Ceará
Atualizado em: 10/01/2012 - 7:10 am

O juiz Luiz Bessa Neto, titular da Vara de Execução Penal e Corregedoria de Presídios da Comarca de Fortaleza, determinou que, enquanto durar a greve dos policiais civis do Ceará, as Casas de Privação Provisória de Liberdade (CPPLs) podem receber excesso prisional de até 20%. A determinação foi assinada na última sexta-feira (6).

Segundo o magistrado, a decisão permite que as unidades recebam mais 400 detentos que estão nas delegacias em todo o Estado. A transferência começou a ser feita nesse fim de semana.

Caráter emergencial
O juiz afirma que a medida, de caráter emergencial, foi tomada após o governador Cid Gomes ter manifestado preocupação com o número de encarcerados nas delegacias, principalmente na Região Metropolitana de Fortaleza. “A responsabilidade político-social não é exclusiva do Poder Executivo, devendo os poderes constituídos contribuírem para a minimização das tensões sociais, guardadas as competências de cada qual”.
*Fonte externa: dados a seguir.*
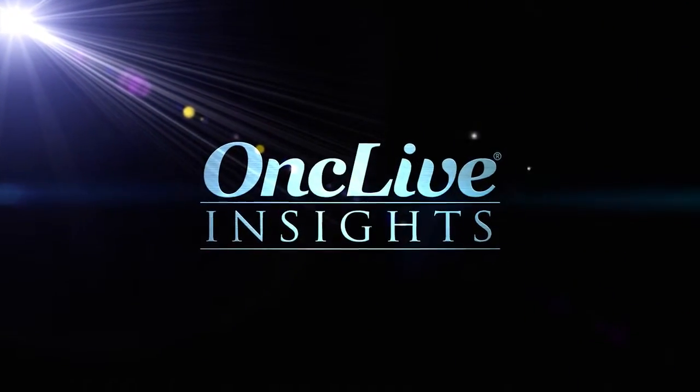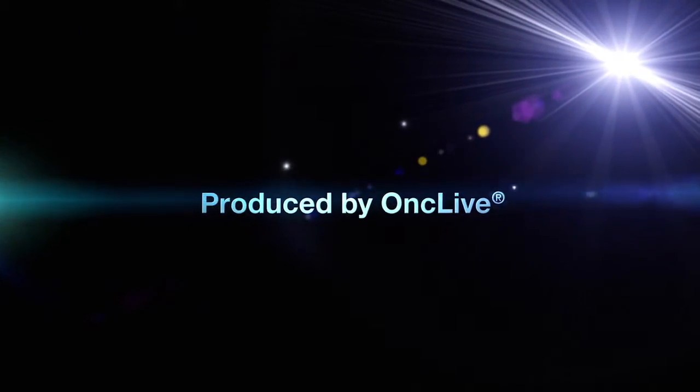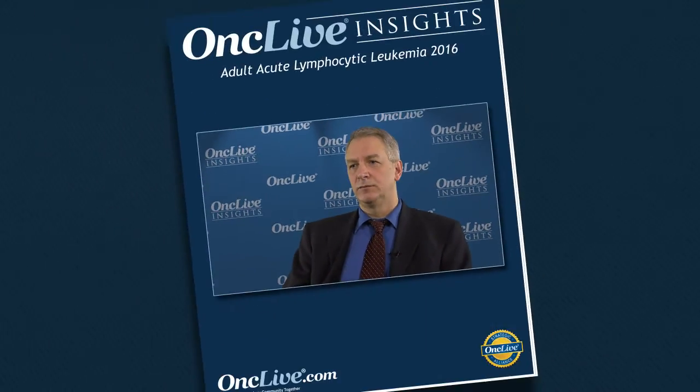OncLive Insights is a video editorial program produced by OncLive. There are a number of interesting new drugs that you can use in the salvage therapy of patients with acute lymphoblastic leukemia.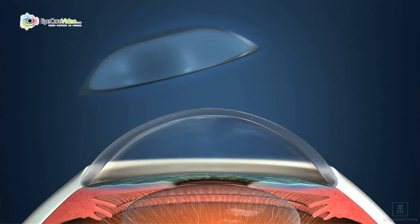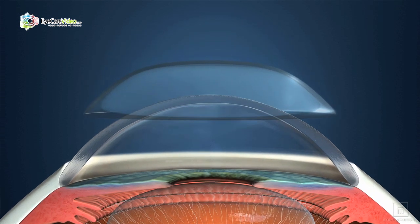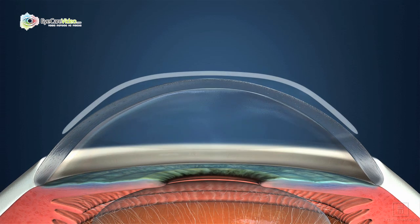CRT is one of those things that we are the most proud of that we are able to provide for our patients. What it stands for is corneal reshaping technology. These are special contact lenses that help to prevent the furthering and the progression of myopia over time.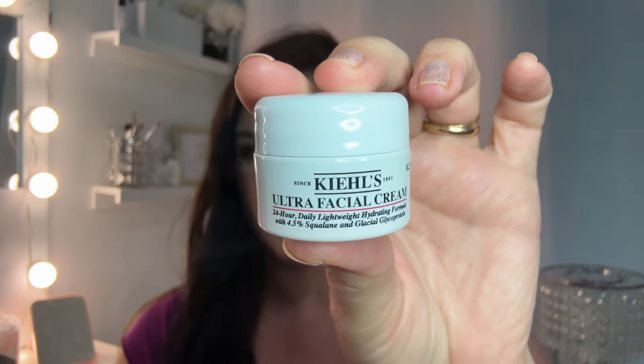Next we have the Kiehl's Creamy Eye Treatment with Avocado. I am the most excited about this one and the moisturizer. It is kind of like a yellowy green inside — I can't wait. And then we also have the Ultra Facial Cream, the other one I want the most. It's a 24-hour daily lightweight hydrating formula with 4.5% squalane and glacial glycoprotein. These are a little smaller — the eye cream feels like a good sample size since eye creams are usually smaller, but the moisturizer is pretty small.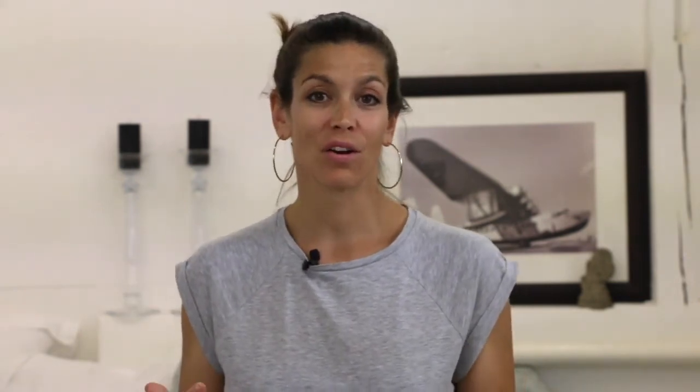Scrape the bacteria off your tongue. 60 to 80 percent of your mouth bacteria are found on your tongue. The best way to clean your tongue and remove the bacteria is to use a tongue scraper once in the morning and once in the evening before brushing. Scrape the white stuff from the back of the tongue towards the tip, and make sure you always do it in a gentle way.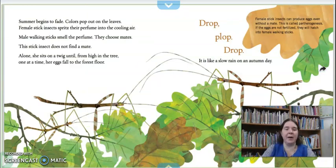Summer begins to fade. Colors pop out on the leaves. Female stick insects spritz their perfume into the cooling air — that means they spray a smelly spray. Male walking sticks smell the perfume and they choose mates. The stick insect does not find a mate. Alone, she sits on a twig until, from high in the tree, one at a time, her eggs fall to the forest floor — drop, plop, drop — it is like a slow rain on an autumn day. Female stick insects can produce eggs even without a mate; this is called parthenogenesis. If the eggs are not fertilized, they will hatch into girl walking sticks.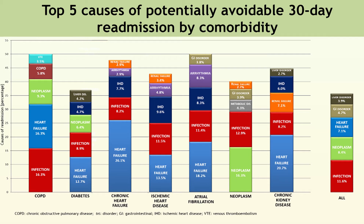Similar relationships were seen between readmission diagnoses and comorbidities for patients with diabetes, cardiac comorbidities, COPD, and chronic kidney disease. For patients with one of the studied comorbidities, overall the two most common readmission diagnoses were heart failure, here in blue, and infection, in red, accounting together for 21 to 34% of all potentially avoidable readmissions.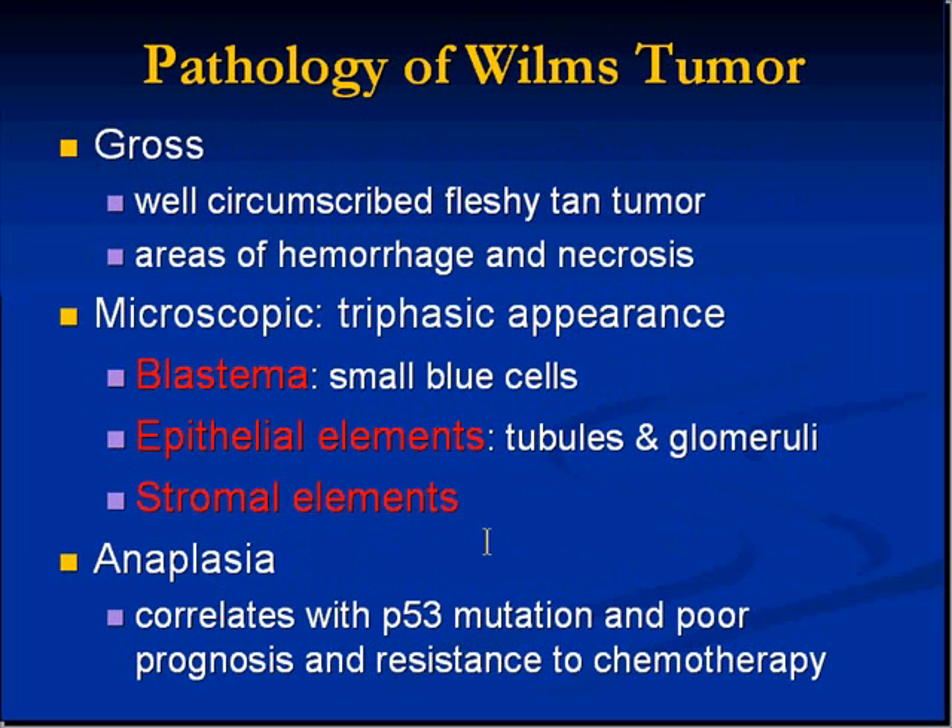We'll look at a gross picture of a classical Wilms tumor and discuss the three classical histologic areas. The degree of anaplasia or malignancy of a Wilms tumor correlates with the amount of p53 mutation — significant p53 mutation is a prognostic factor, and it also means the tumor will be less likely to respond to chemotherapy.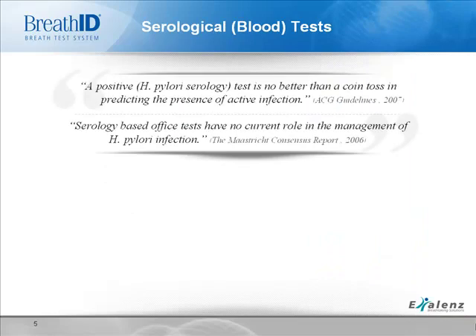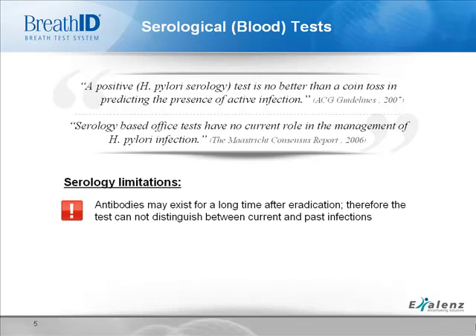Let's take a look at serological, or blood tests. These are commonly used by primary care physicians to diagnose H. pylori. However, according to the American College of Gastroenterology 2007 guidelines, blood tests for diagnosing H. pylori have limited reliability. They state that a positive blood test for H. pylori is no better than a coin toss in predicting the presence of an active infection. The Maastricht Consensus Report states that blood tests have no current role in the management of H. pylori infection. Blood tests pick up antibodies to H. pylori, but can't differentiate between an active infection and a past one. Antibodies can remain in the body a long time, causing blood tests to show an infection when there isn't one. Data shows that one in five patients is misclassified, meaning many patients are treated for an active infection when they don't have one.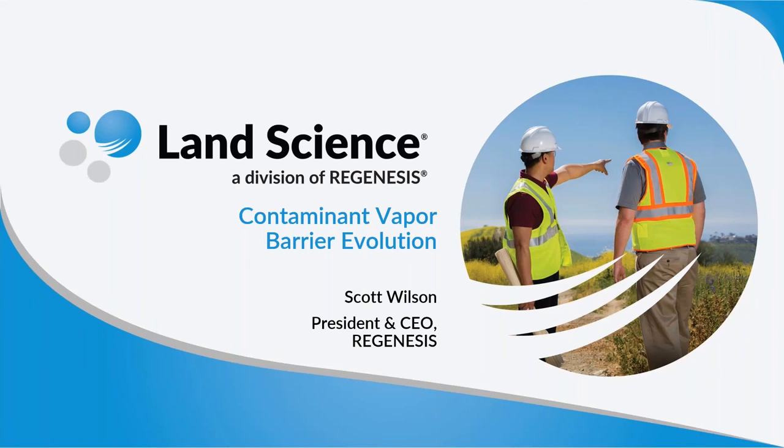Hello and welcome everyone. My name is Dane Menke. I am the Digital Marketing Manager here at Regenesis and Land Science.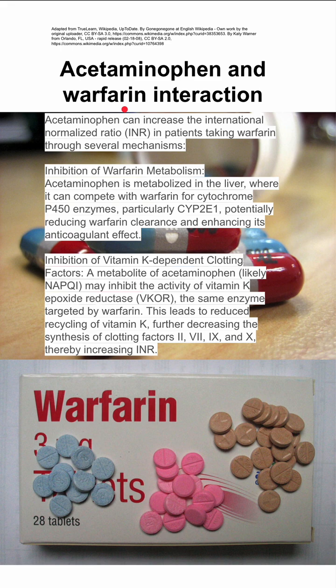Acetaminophen can also inhibit vitamin K-dependent clotting factors. There's a metabolite of acetaminophen that may inhibit the activity of vitamin K epoxide reductase, the same enzyme that's targeted by warfarin. This leads to reduced recycling of vitamin K, further decreasing the synthesis of clotting factors 2, 7, 9, and 10, which is the target of warfarin, thereby increasing INR even more than you would have otherwise.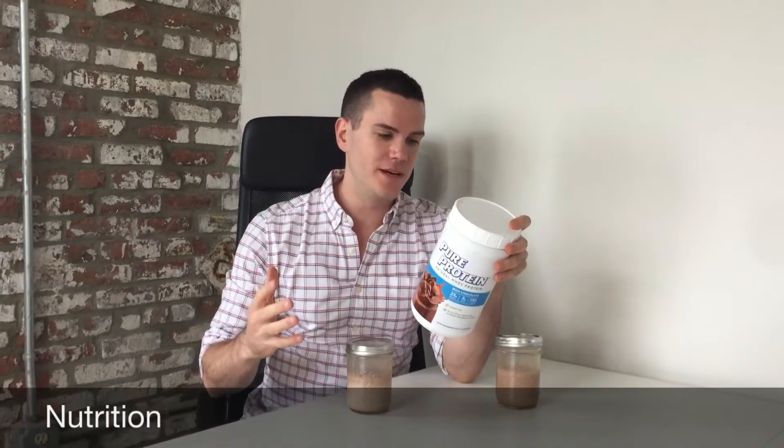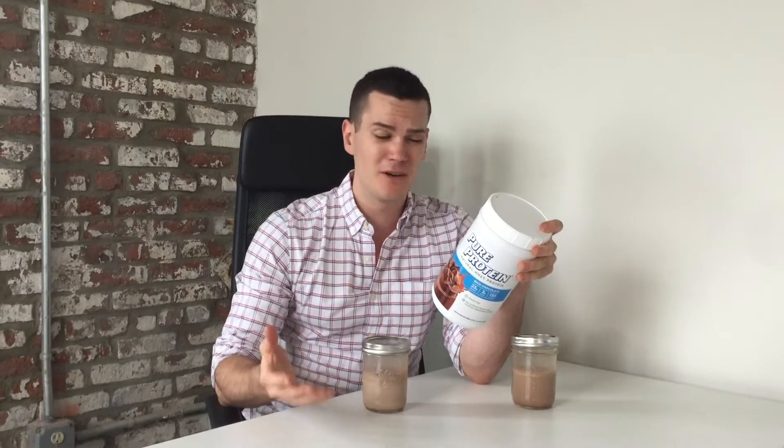Let's take a look at the nutrition. One scoop is about 130 calories, and for that you get 23 grams of protein, 5 grams of carbohydrates, no fiber, 3 grams of sugar, and 2 grams of fat, one of which is saturated fat. It's a pretty regular macro split for protein powder, though a little bit high in carbohydrates and sugar if that's a concern for you.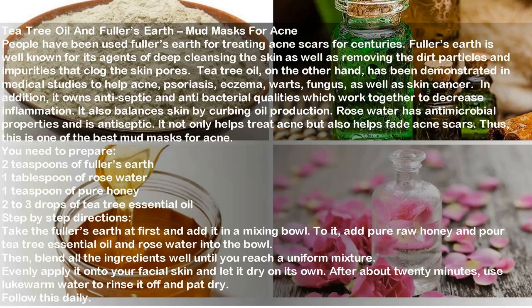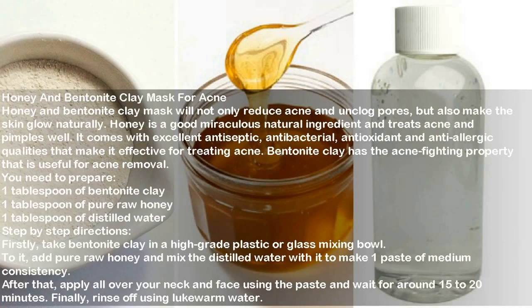Honey and bentonite clay mask for acne. This mask will not only reduce acne and unclog pores but also make the skin glow naturally. Honey is a miraculous natural ingredient that treats acne and pimples well, with excellent antiseptic, antibacterial, antioxidant, and anti-allergic qualities. Bentonite clay has acne-fighting properties useful for acne removal. Prepare: one tablespoon each of bentonite clay, pure raw honey, and distilled water. Mix in a glass or plastic bowl to make a paste of medium consistency, apply over neck and face, wait 15 to 20 minutes, then rinse with lukewarm water.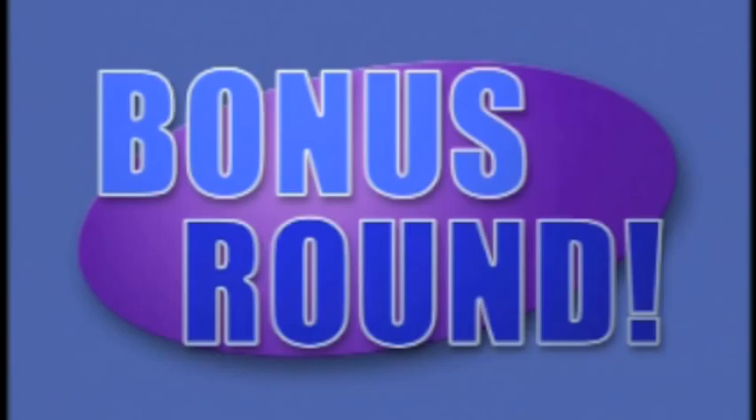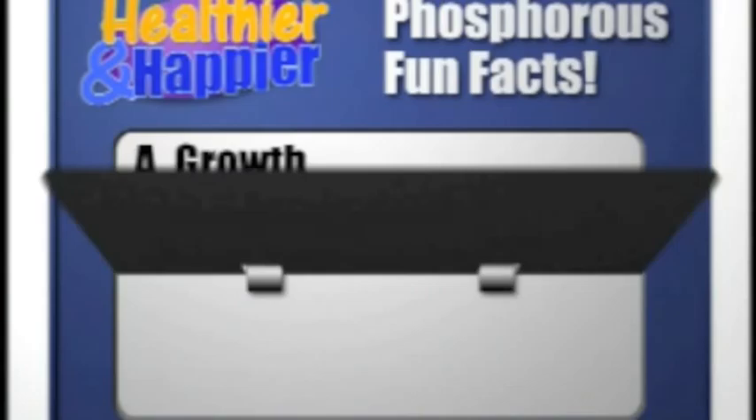It's important to keep your number in that range because you'll be healthier and happier. Are you ready for the bonus round? Phosphorus plays a key role in the body's ability to break down and use protein for what three purposes? The answers are: growth, maintenance, and repair of cells and tissues.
O magistrado ressalta que, após o término da paralisação, deverá ser restabelecido o documento que determina que não seja ultrapassada a capacidade das CPPLs e fixa a lotação máxima compatível com a estrutura e a finalidade das unidades.

Greve e reivindicações
Os policiais civis do Ceará estão em greve desde a última terça-feira (3), após assembleia geral da categoria. A principal reivindicação deles é reajuste salarial. Os policiais querem ganhar equivalente a 60% do vencimento de um delegado. Além disso, querem a não punição aos que participaram da greve desde julho de 2011, pagamento de horas extras, dentre outros.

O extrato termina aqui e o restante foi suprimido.